Future of Mental Health

This call, led by Elvira Perez Vallejos, is the fourth of nine from the EPSRC Network Plus in Human Data Interaction (HDI).

The discovery, interpretation and sharing of meaningful data patterns in mental health could drive diagnosis, monitoring and treatment. However, for this, some profound privacy and security concerns among patients and clinicians will need to be addressed. Issues of information governance and data ethics will be especially to the forefront.

This theme will consider the implications of data regulations on such things as the personalisation of complex interventions. However, regulation alone will not deal with concerns arising concerning some of the most private data assets, such as in-home video cameras used for activity recognition. We will therefore focus on technical responses, such as system architectures that permit compartmentalised and truly private data analytics.

Funded projects

There was a very successful workshop at the Institute of Mental Heath in Nottingham where the call, done jointly with enurture was launched.
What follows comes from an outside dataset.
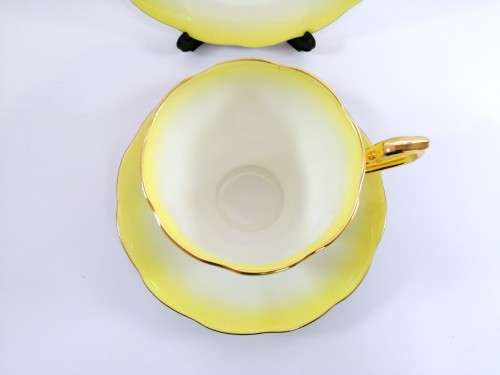 Royal Albert ` RAINBOW ` Yellow Hampton shape Tea Cup Saucer and Plate Fine Bone China England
One large project was funded by this call.

ExTRA-PPOLATE: (Explainable Therapy Related Annotations: Patient & Practitioner Oriented Learning Assisting Trust & Engagement)

The research team includes Mat Rawsthorne and Jacob Andrews (Principal Investigators) from MindTech, and a multidisciplinary research team including Sam Malins (Clinical Psychologist), Dan Hunt (Linguist), Jeremie Clos (Computer Scientist) from Nottingham University, Tahseen Jilani (Data Analyst) from Health Data Research UK and Yunfei Long (Computer Scientist) from Essex University.

This project aims to examine the key components of trust in algorithm-mediated digital mental health (DMH) through a participatory design and dissemination study. We will co-create a collaborative machine learning decision support tool to help mental health practitioners and patients classify key processes in therapy transcripts. This will speed up rating of therapist fidelity and assessment of patient activation, thereby providing evidence for improving practice. The bigger question is: does the engagement of patients and practitioners in the design process make the AI application more credible and trustworthy?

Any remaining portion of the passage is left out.